§ GIVEN RECORDS
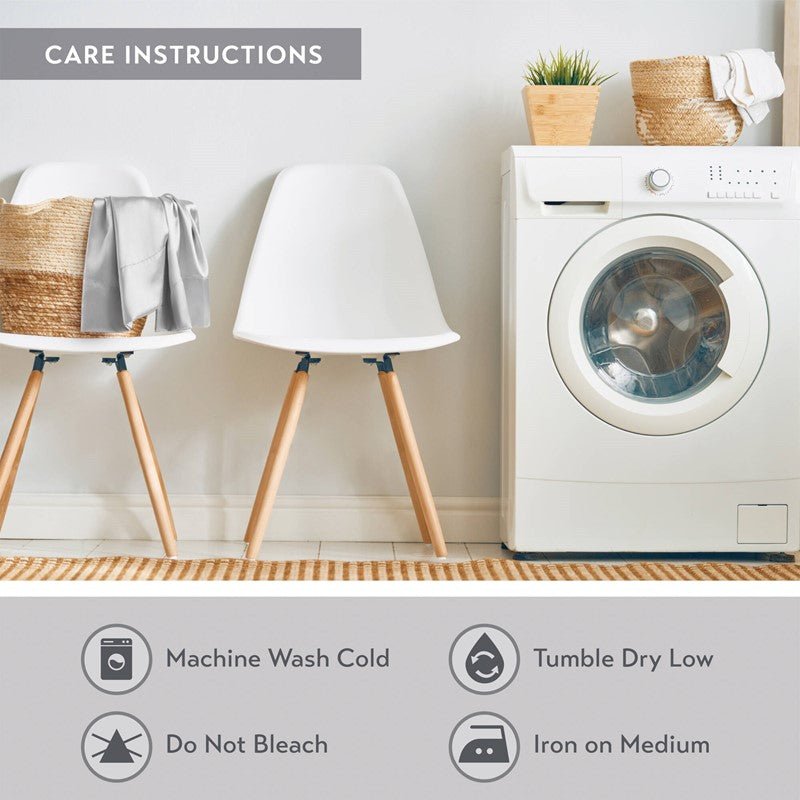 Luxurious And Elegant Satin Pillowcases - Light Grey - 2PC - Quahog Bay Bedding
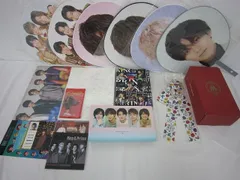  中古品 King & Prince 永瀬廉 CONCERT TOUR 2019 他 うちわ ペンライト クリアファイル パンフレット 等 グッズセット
* * *
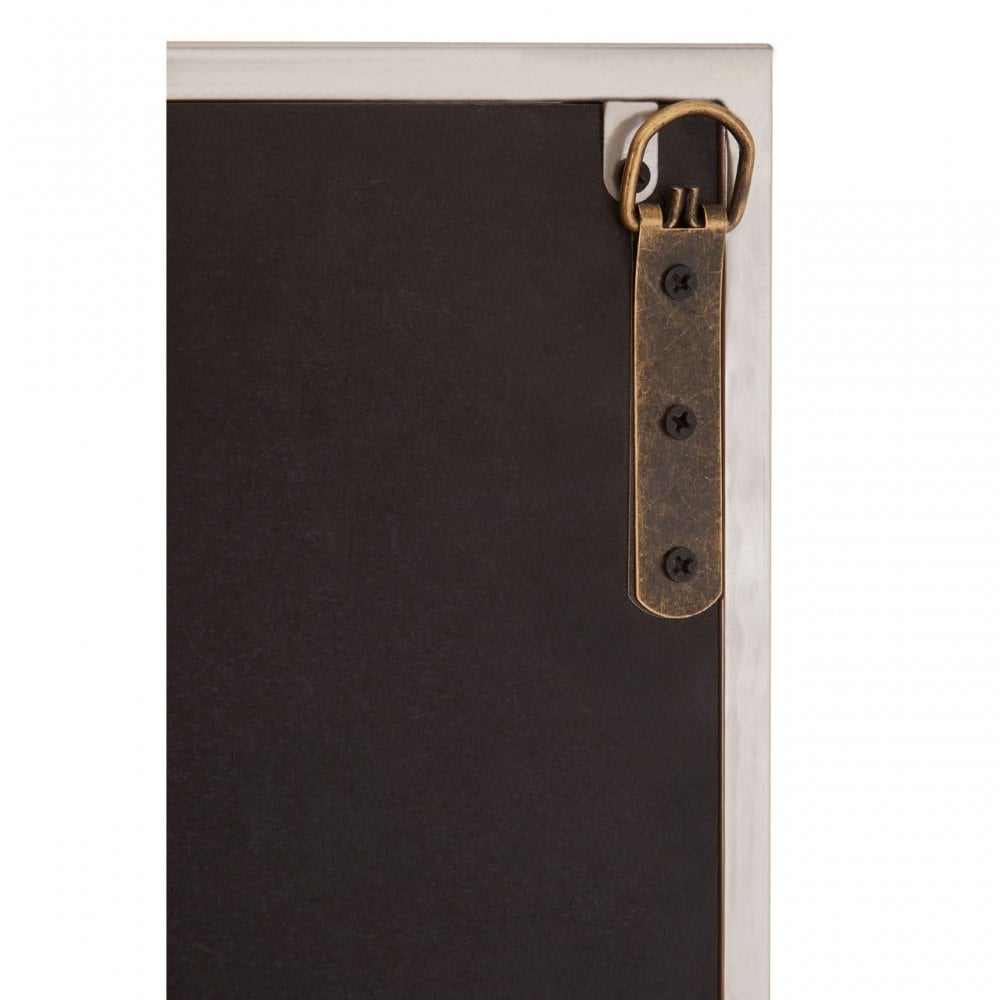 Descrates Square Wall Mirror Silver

§ ABOUT THIS EXERCISE
Beginning at the line above that contains "Luxurious And Elegant" and going on through the line that contains "中古品 King & Prince", please copy every line exactly, leaving the pictures out and adding nothing.

§ OUTPUT FOR THIS TASK
 Luxurious And Elegant Satin Pillowcases - Light Grey - 2PC - Quahog Bay Bedding
  中古品 King & Prince 永瀬廉 CONCERT TOUR 2019 他 うちわ ペンライト クリアファイル パンフレット 等 グッズセット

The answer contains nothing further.